▸ **DATA LISTING**
§ §
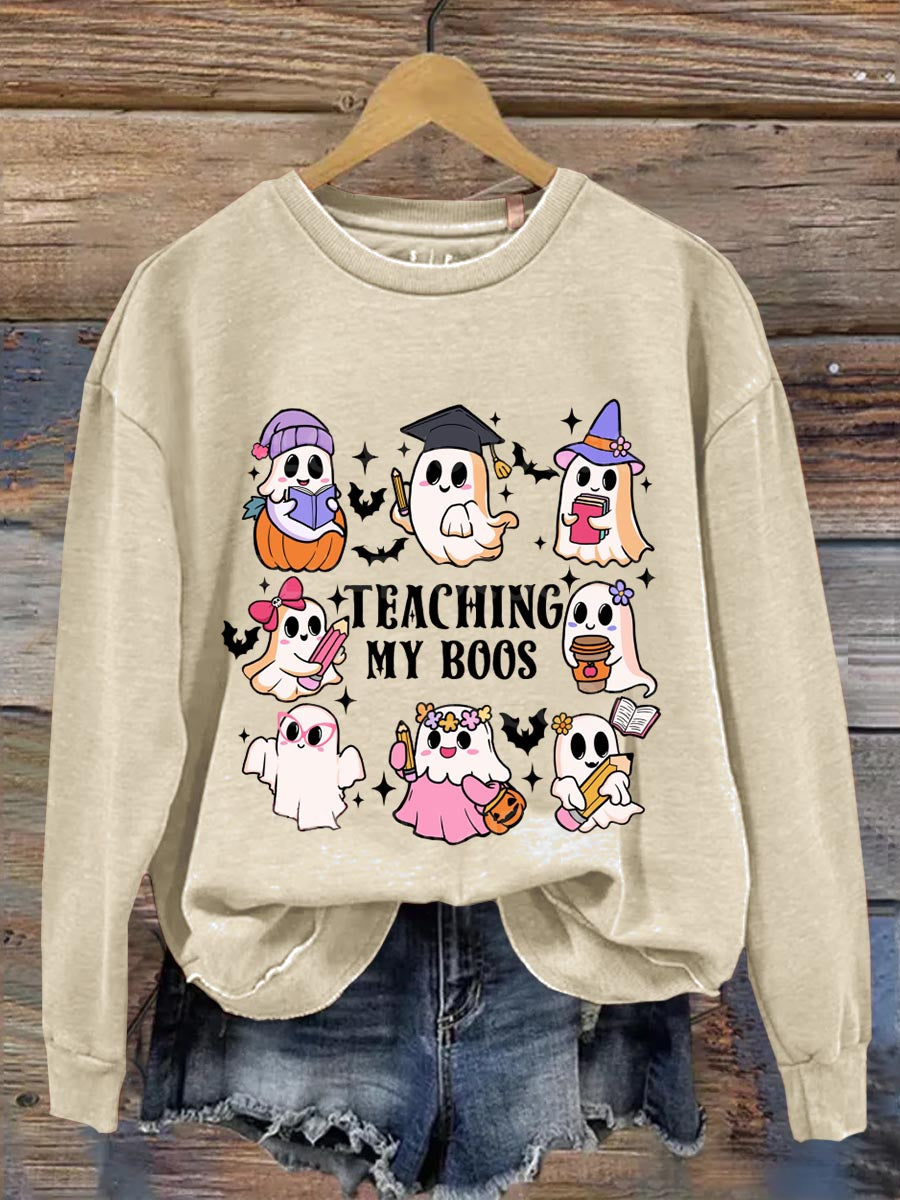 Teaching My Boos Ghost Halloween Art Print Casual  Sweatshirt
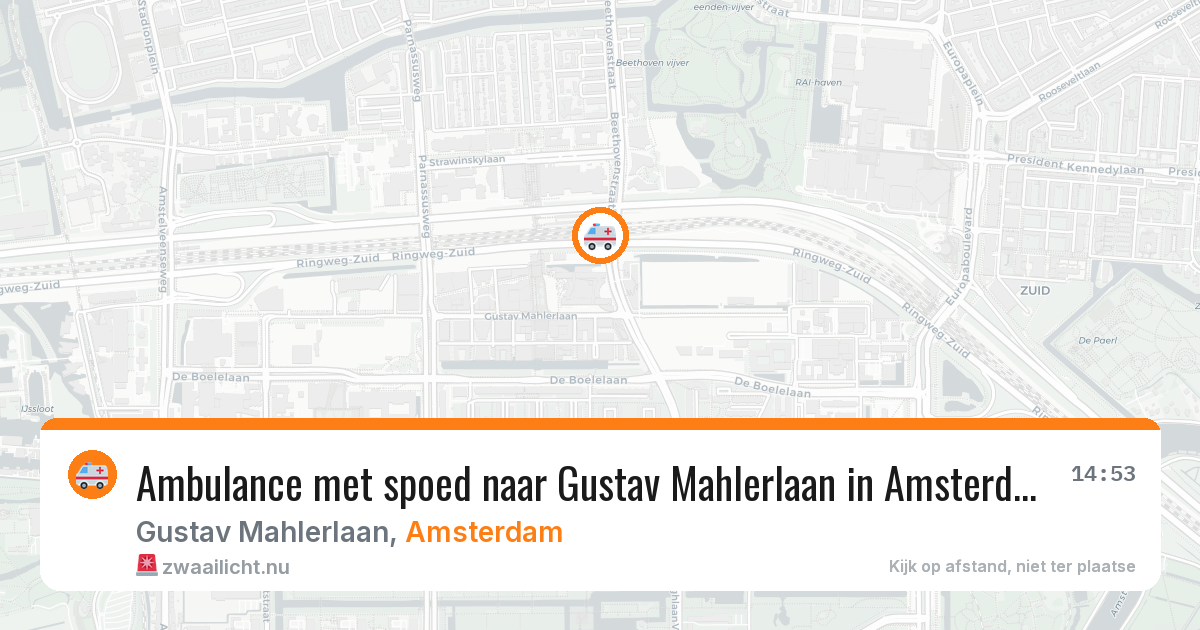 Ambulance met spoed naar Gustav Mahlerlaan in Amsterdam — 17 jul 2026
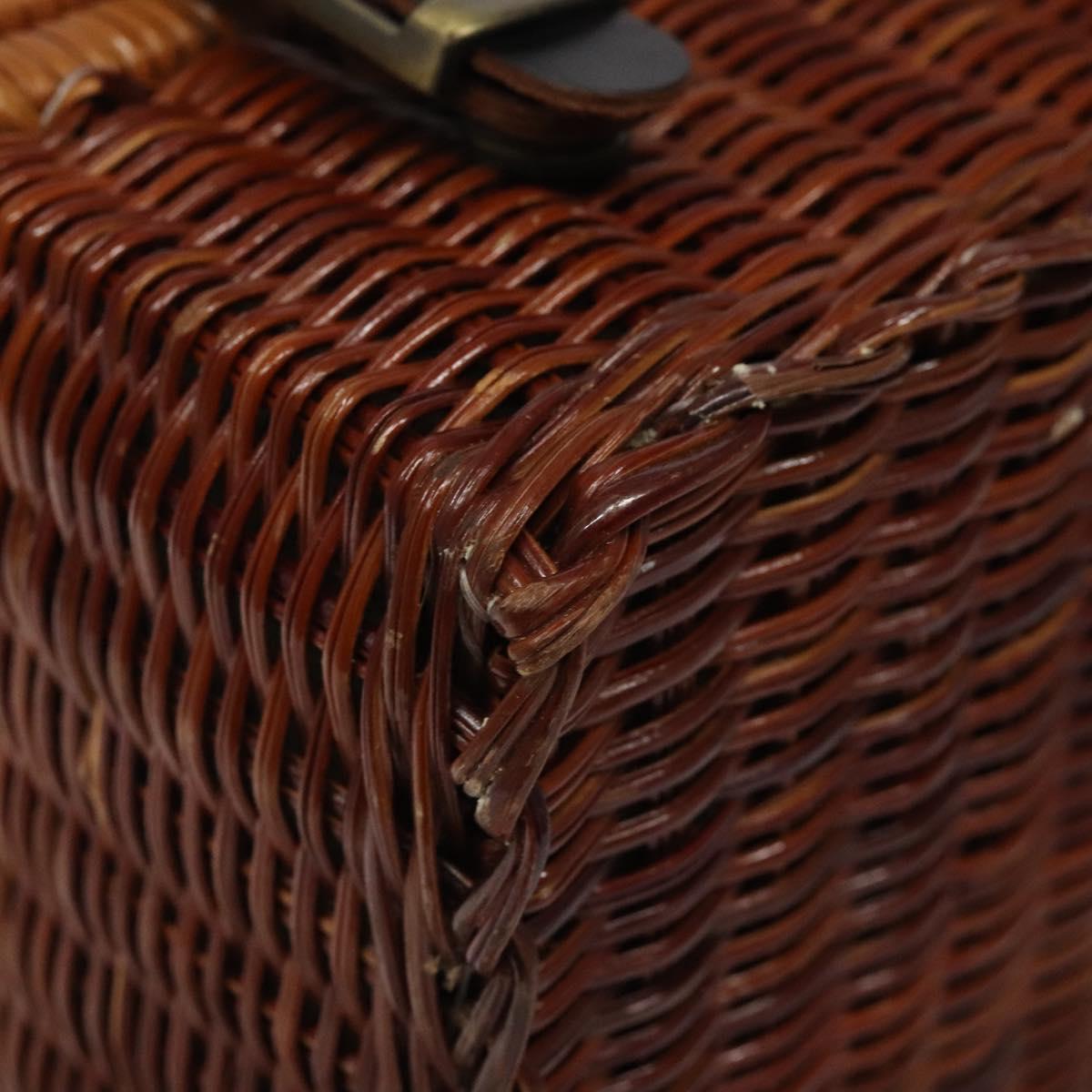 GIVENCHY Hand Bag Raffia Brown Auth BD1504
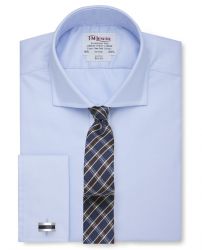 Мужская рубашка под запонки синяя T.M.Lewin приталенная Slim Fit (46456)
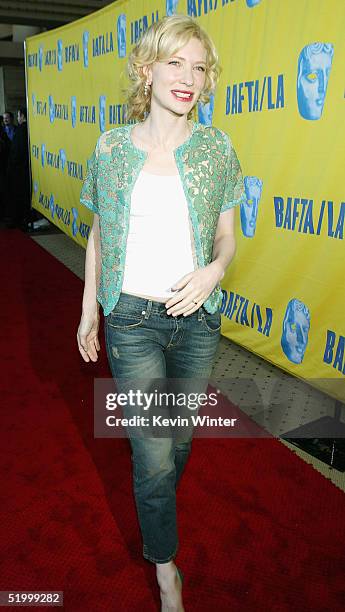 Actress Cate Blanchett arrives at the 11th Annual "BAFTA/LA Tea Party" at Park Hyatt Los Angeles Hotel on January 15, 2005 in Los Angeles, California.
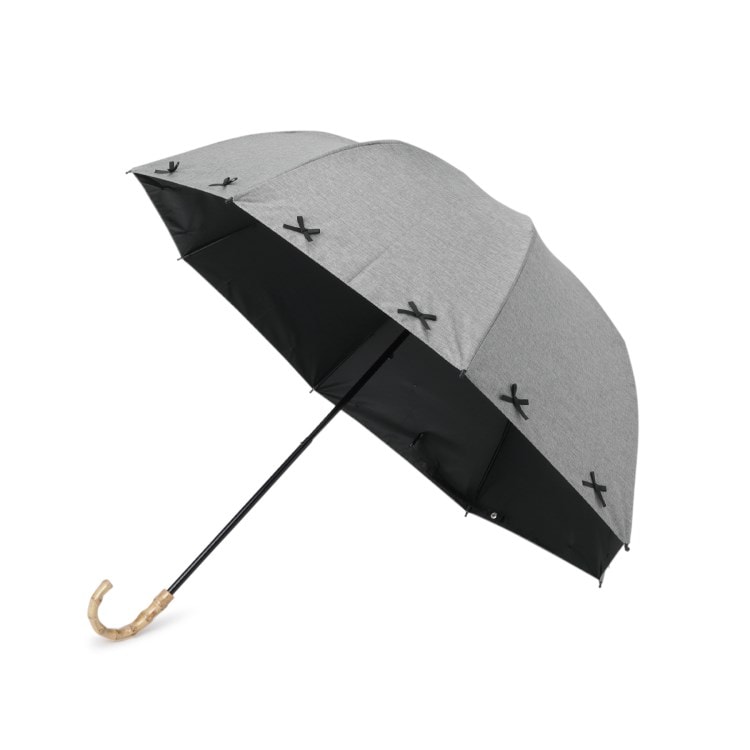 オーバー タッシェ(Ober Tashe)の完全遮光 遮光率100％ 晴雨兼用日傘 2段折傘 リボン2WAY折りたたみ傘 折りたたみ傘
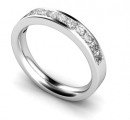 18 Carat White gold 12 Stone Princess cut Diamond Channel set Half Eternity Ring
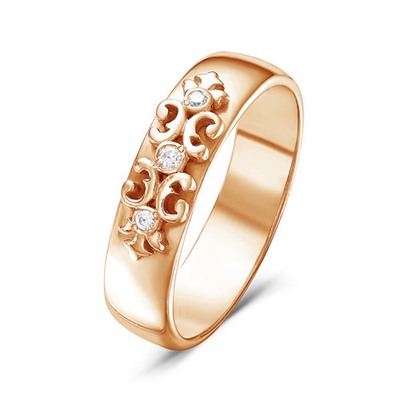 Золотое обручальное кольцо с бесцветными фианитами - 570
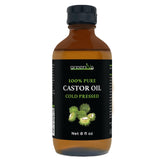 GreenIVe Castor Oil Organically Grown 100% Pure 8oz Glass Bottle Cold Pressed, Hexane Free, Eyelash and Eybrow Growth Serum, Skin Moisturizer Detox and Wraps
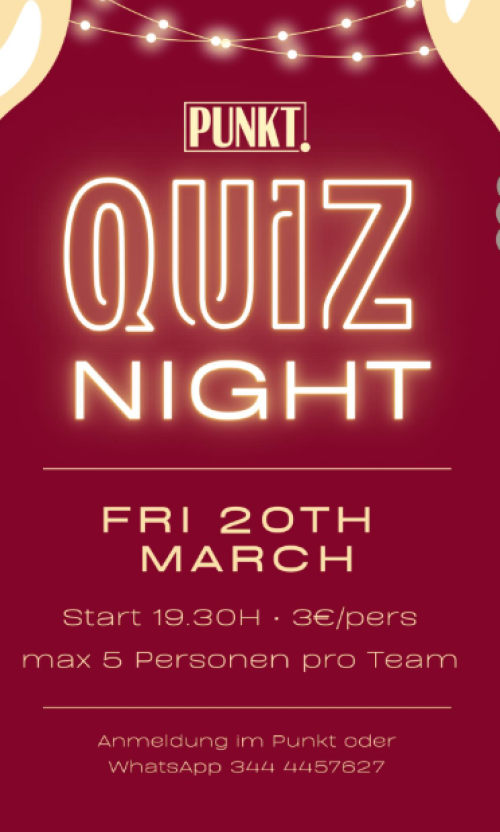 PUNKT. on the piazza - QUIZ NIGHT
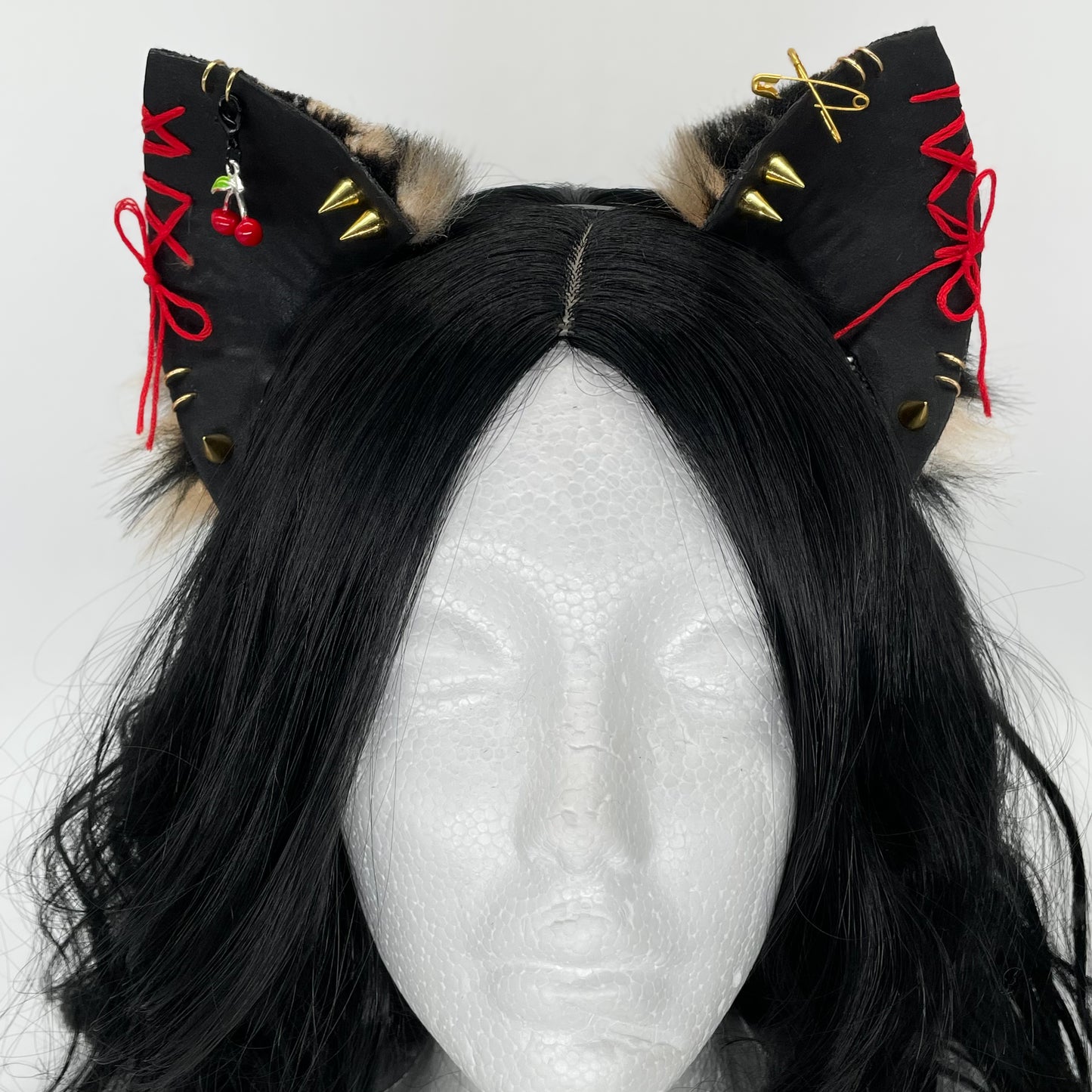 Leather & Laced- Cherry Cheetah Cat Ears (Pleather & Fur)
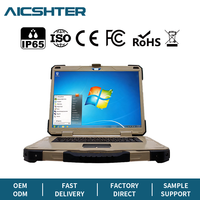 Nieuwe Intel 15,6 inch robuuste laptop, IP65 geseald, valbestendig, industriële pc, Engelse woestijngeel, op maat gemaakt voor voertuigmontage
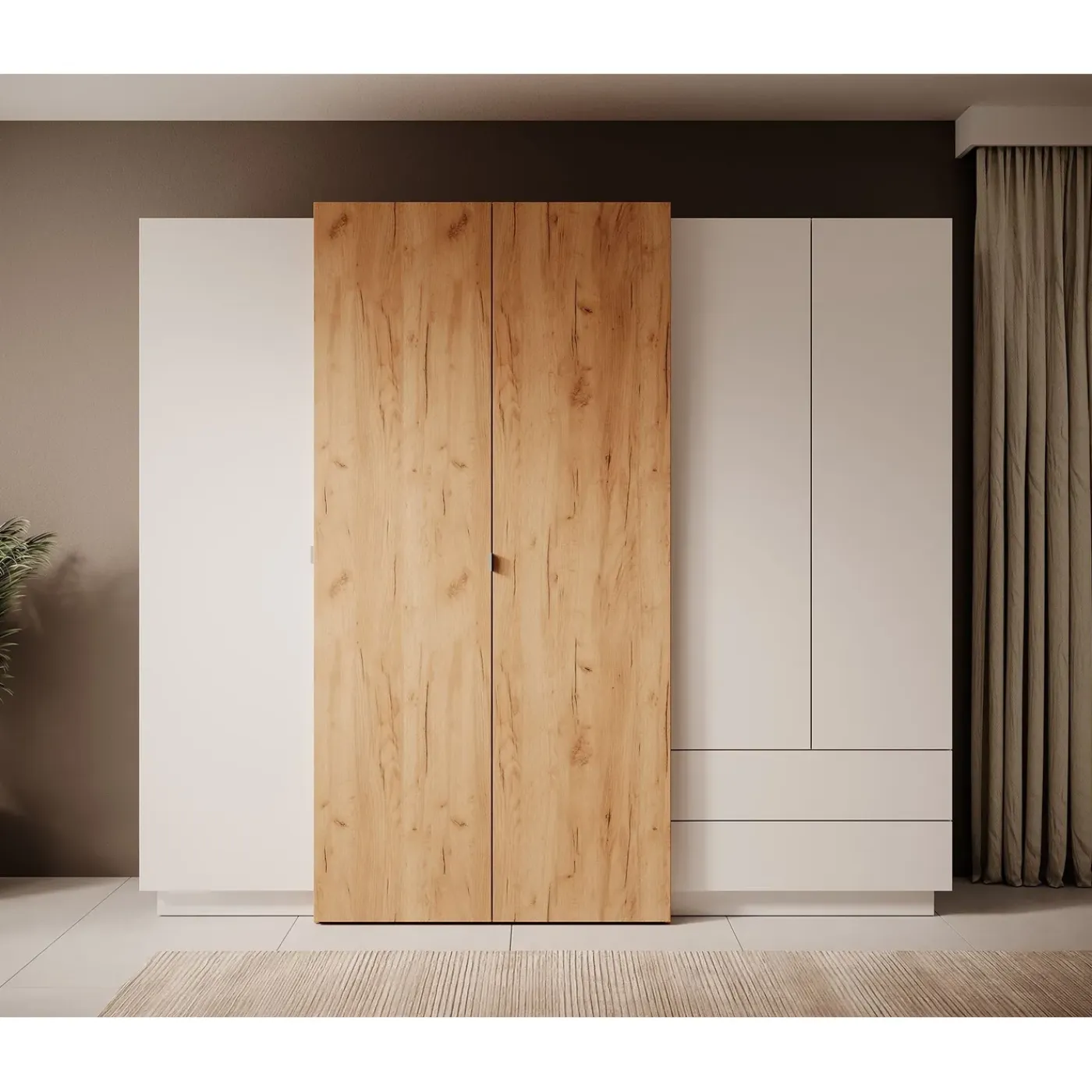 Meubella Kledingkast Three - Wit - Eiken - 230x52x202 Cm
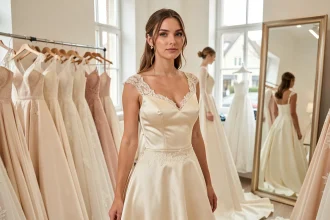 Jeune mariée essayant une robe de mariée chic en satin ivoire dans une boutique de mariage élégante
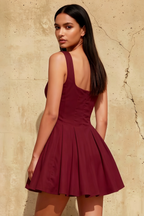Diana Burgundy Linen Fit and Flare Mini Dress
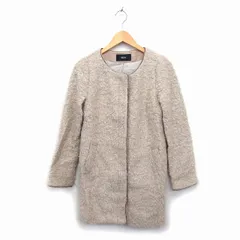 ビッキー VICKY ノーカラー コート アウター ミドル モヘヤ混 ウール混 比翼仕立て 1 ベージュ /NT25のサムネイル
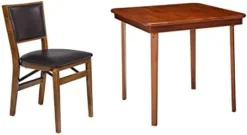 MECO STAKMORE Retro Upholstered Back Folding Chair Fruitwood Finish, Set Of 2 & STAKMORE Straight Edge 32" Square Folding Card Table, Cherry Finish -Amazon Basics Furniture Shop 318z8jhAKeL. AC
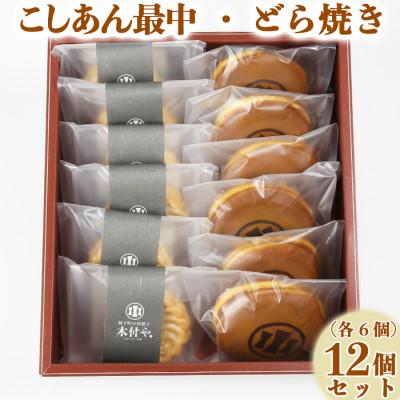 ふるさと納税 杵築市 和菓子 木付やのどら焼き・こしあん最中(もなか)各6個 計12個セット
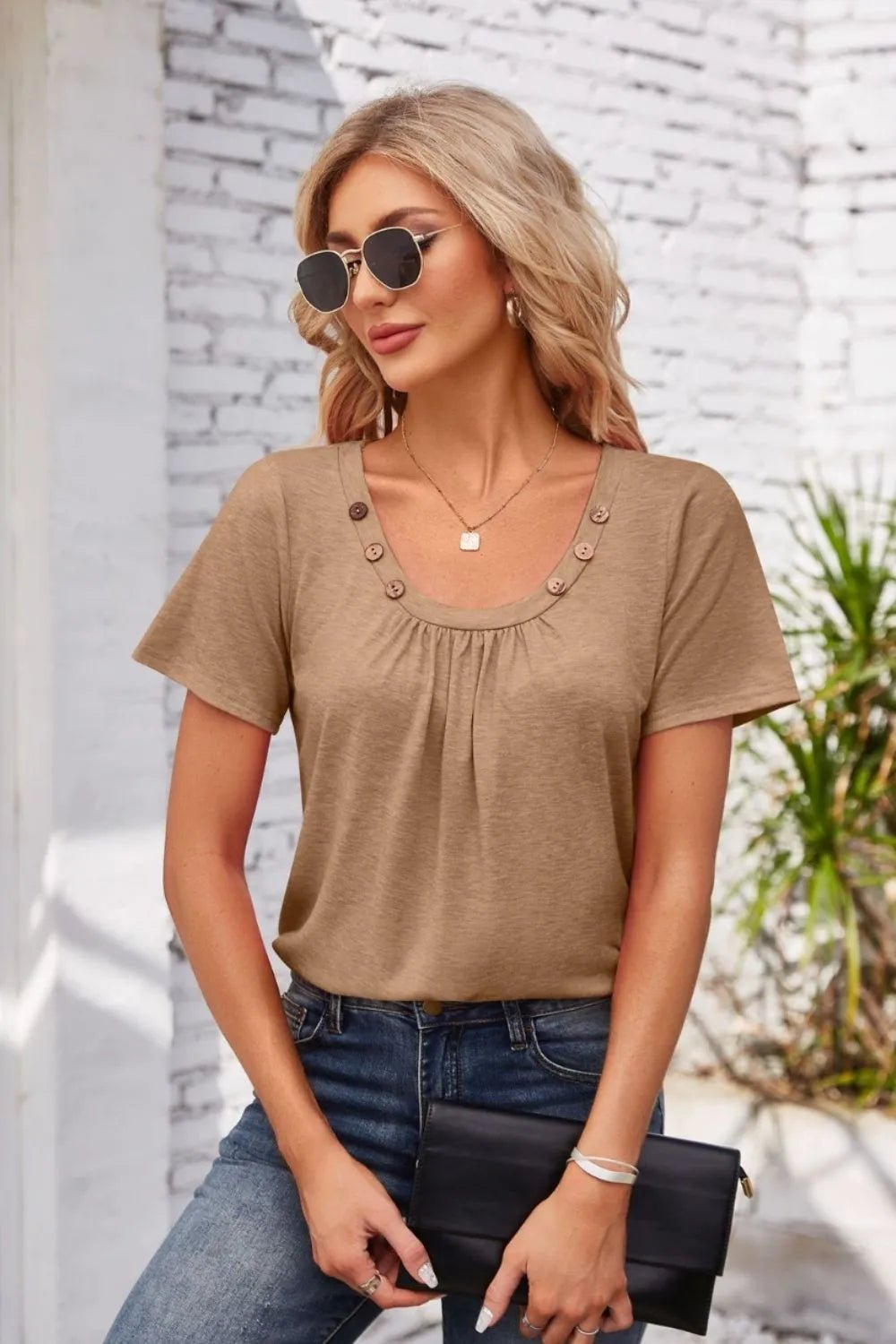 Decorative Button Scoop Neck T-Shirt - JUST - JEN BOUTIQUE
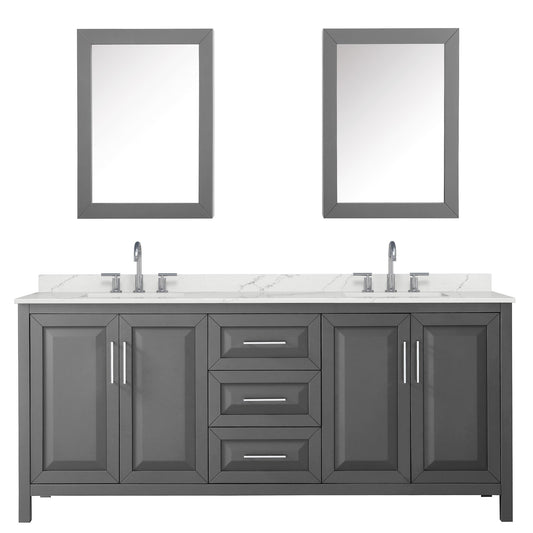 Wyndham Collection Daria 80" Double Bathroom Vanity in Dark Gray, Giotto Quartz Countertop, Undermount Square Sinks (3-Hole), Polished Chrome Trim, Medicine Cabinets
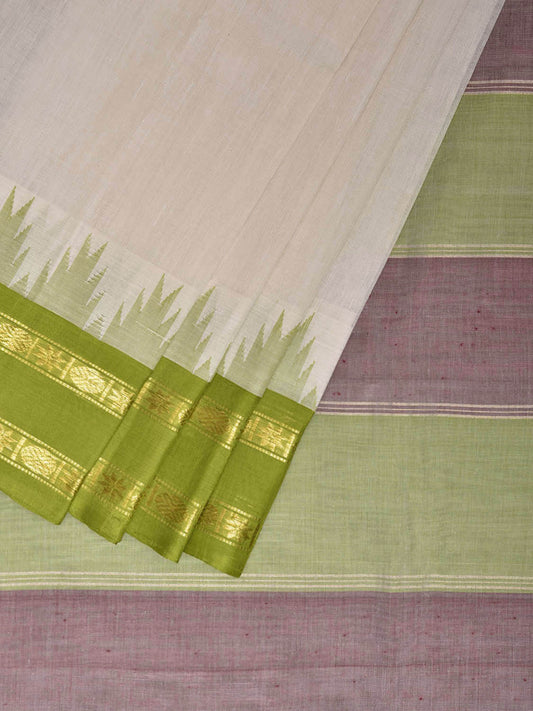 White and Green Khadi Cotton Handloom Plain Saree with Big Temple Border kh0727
§ §
▸ **PROBLEM TO SOLVE**
Print exactly, with no pictures, the lines above from the one that holds "Meubella Kledingkast Three" through the one that holds "Decorative Button Scoop", both of them included.

▸ **SOLUTION TO THE PROBLEM**
 Meubella Kledingkast Three - Wit - Eiken - 230x52x202 Cm
 Jeune mariée essayant une robe de mariée chic en satin ivoire dans une boutique de mariage élégante
Diana Burgundy Linen Fit and Flare Mini Dress
 ビッキー VICKY ノーカラー コート アウター ミドル モヘヤ混 ウール混 比翼仕立て 1 ベージュ /NT25のサムネイル
 MECO STAKMORE Retro Upholstered Back Folding Chair Fruitwood Finish, Set Of 2 & STAKMORE Straight Edge 32" Square Folding Card Table, Cherry Finish -Amazon Basics Furniture Shop 318z8jhAKeL. AC
 ふるさと納税 杵築市 和菓子 木付やのどら焼き・こしあん最中(もなか)各6個 計12個セット
 Decorative Button Scoop Neck T-Shirt - JUST - JEN BOUTIQUE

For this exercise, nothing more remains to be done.